Many years after winning a top prize for painting from the Detroit Institute of Arts in 1953, he recalled
I was no longer called black artist, Negro artist, colored boy. When I won that prize, all of a sudden, there was no longer a racial designation.[2]
In 1958 Lee-Smith moved to New York City, and taught at the Art Students League for 15 years.[2] Later he moved to Cranbury, New Jersey.[4]
His paintings evidenced the influence of Cubism, Social realism, and Surrealism at the service of a personal expression that was poignant and enigmatic.[5] Of his characteristic work, Holland Cotter wrote in The New York Times,
Mr. Lee-Smith's paintings usually have spare settings suggestive of theater stages or bleak urban or seaside landscapes. Walls stretch out under gray skies. Men and women, as lithe as dancers, seem frozen in place. Most are dressed in street clothes; some wear exotic masks. Children frequently appear, as do props reminiscent of circuses. The work has an air of mystery associated with the paintings of Giorgio de Chirico and Edward Hopper.[2]

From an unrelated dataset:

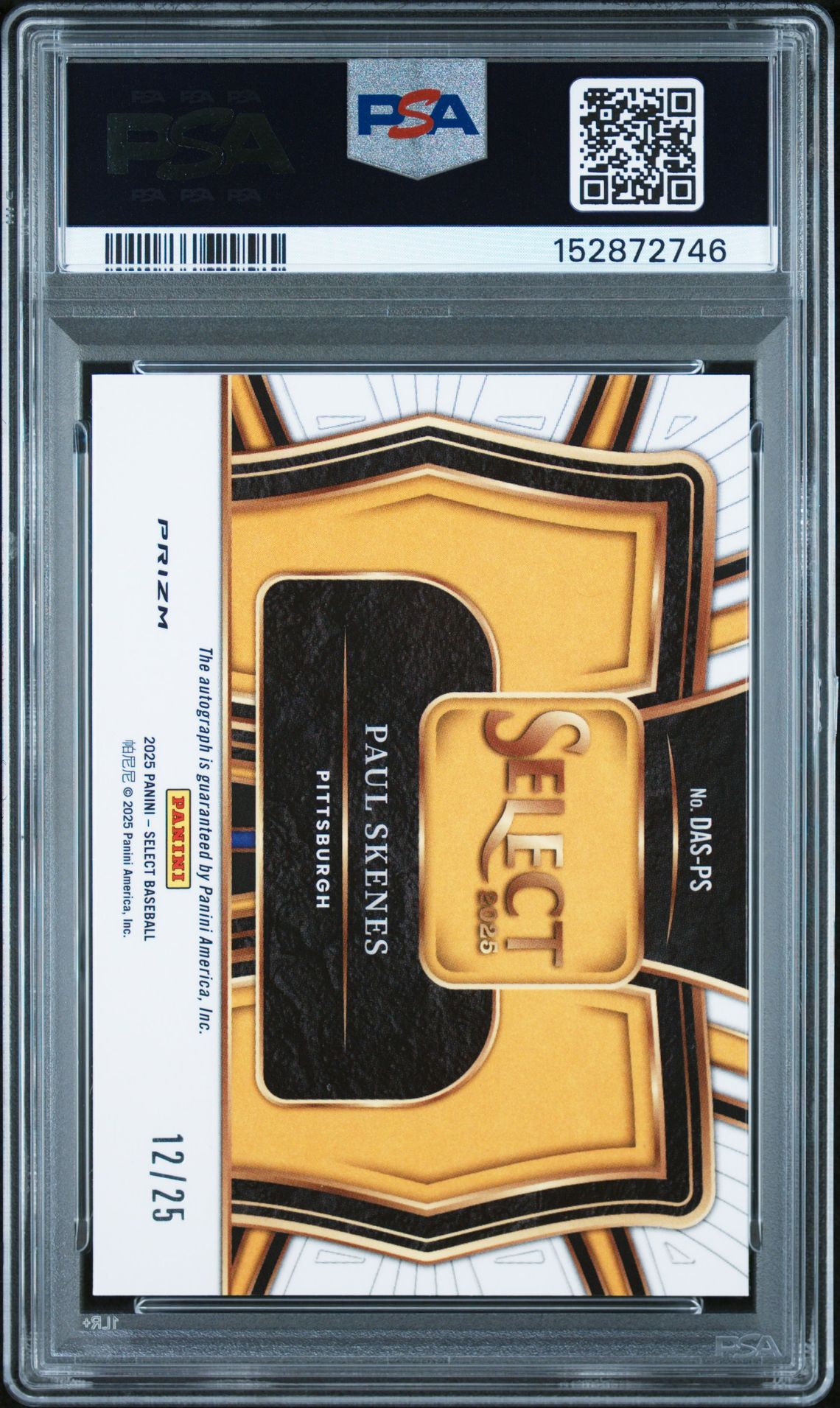 2025 Panini Select Diamond Action Signatures Paul Skenes #Das-Ps (Dmd Action Sig-Tie-Dye Prizm) Gem Mt 10 back view - PSA certificate #152872746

In 1963 Lee-Smith became an associate member of the National Academy of Design, then the second African-American to be elected to the Academy, after Henry Ossawa Tanner, and was made a full member four years later.[6] In 1994 he was commissioned to paint the official portrait of David Dinkins, former Mayor of New York City, for the New York City Hall.[7] Retrospectives of Lee-Smith's work were mounted by the New Jersey State Museum and the Studio Museum in Harlem in 1988, and Ogunquit Museum of American Art in 1997.[2] Lee-Smith's works are included in the collections of the Metropolitan Museum of Art, the Smithsonian American Art Museum, the Detroit Institute of Art, Howard University, and Schomburg Center for Research in Black Culture in Manhattan.[3][7]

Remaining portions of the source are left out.